When it mattered the most, the Edmonton Oilers did not show up. The team that closed out the regular season winning eight of 11 couldn’t string together a win when it mattered most. On the other hand, the Winnipeg Jets showed lots of resiliency in their four-game sweep of the Oilers.
Edmonton’s Struggle to Close out Games
The Jets had to come from behind in games one, three and four. Games one and four were one-goal deficits, but in game three, the Oilers saw themselves up 4-1 with less than 10 minutes to play. The Jets stormed back to tie the game before Nikolaj Ehlers scored the game-winning goal in overtime.

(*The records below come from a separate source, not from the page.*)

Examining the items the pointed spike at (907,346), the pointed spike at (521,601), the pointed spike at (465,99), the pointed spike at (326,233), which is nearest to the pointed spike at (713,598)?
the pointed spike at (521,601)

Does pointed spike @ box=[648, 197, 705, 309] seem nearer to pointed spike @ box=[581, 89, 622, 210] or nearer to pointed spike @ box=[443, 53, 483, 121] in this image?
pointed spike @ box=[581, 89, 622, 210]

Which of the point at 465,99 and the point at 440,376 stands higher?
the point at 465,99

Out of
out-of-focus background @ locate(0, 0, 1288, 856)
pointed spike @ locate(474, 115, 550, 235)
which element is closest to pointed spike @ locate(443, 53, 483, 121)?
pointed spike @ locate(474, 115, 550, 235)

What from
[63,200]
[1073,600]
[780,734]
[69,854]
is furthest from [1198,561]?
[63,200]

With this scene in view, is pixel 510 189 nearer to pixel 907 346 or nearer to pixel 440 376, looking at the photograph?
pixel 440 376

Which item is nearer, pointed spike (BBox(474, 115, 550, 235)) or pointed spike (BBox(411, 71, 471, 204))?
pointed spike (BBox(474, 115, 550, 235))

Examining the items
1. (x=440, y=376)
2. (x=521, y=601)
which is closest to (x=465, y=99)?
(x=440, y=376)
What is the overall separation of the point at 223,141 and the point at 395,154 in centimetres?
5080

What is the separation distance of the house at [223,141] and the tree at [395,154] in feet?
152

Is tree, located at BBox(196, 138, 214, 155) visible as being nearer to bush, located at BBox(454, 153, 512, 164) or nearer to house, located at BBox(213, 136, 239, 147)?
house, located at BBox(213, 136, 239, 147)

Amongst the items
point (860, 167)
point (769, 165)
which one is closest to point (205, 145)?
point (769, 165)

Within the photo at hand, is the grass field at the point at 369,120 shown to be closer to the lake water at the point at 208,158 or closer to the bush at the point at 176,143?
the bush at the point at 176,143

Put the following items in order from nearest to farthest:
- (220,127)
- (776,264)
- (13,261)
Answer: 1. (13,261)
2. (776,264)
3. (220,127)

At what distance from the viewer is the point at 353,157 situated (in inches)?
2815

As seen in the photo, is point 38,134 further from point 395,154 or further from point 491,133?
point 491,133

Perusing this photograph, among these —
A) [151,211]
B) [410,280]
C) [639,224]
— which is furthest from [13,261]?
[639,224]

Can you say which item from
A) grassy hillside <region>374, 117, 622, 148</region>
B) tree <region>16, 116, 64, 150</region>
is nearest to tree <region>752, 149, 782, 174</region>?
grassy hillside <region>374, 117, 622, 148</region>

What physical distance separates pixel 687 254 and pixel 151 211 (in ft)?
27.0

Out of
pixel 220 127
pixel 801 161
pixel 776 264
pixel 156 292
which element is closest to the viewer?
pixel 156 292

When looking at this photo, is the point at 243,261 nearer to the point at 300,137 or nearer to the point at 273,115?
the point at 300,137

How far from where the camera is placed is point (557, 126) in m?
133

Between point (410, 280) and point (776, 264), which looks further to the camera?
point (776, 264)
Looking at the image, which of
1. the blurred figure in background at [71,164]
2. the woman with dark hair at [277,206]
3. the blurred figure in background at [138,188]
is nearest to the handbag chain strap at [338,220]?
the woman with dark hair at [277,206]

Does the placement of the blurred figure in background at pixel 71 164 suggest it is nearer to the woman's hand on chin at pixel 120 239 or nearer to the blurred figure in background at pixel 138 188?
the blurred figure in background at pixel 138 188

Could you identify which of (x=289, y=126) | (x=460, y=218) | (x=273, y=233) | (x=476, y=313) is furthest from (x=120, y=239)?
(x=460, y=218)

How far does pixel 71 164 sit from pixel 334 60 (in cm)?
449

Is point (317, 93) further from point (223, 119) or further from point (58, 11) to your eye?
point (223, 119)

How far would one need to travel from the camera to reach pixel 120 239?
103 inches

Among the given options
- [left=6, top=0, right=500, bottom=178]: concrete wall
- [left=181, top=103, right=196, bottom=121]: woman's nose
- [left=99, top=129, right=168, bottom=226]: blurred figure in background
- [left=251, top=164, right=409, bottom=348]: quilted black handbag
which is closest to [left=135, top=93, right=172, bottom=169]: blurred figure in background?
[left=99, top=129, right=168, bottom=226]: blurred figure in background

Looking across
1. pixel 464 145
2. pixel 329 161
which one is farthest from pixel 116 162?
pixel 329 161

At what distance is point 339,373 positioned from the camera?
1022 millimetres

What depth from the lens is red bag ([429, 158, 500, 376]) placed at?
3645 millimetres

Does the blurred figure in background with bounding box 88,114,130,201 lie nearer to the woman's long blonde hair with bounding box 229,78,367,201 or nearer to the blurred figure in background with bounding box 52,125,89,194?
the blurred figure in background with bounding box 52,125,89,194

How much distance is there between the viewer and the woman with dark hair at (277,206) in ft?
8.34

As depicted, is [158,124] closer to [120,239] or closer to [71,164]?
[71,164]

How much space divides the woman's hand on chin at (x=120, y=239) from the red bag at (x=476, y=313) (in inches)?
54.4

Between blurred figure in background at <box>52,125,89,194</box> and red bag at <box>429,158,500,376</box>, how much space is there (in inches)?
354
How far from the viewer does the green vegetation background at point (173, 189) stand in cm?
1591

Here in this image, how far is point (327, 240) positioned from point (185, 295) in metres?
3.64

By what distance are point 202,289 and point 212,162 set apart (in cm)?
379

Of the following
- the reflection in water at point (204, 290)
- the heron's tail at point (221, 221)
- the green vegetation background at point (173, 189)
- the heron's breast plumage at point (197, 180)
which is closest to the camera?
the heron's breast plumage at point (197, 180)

Winnipeg wanted to win this game and series. The resiliency they showed in these games was very impressive and they showed the hockey world why they should not be taken for granted. Coming into the series, the Oilers had dominated the regular season series with the Jets, but the Jets were able to find the next level and win the close games.
Overtime turned out to be a huge factor in this series. Five total overtimes were played between games two through four. In sudden death overtime, one shot can be the difference, so it is truly anybody’s game. In this series, however, overtime turned out to be a huge advantage for the Jets.
Connor Hellebuyck and Winnipeg’s Defensive Approach
Judging from the scores of games three and four, it may be misleading on how defensive-minded this series really was for the Winnipeg Jets.
Connor Hellebuyck proved to be the better goaltender in this series after stopping 70 of 71 shots in games one and two. For the series, Hellebuyck stopped 153 of 162 shots. That’s good enough for a save percentage of 0.944 and a GAA of 2.25. When taken into account that the Jets played against the two players who finished first and second in points this season, those are pretty impressive numbers for a goalie.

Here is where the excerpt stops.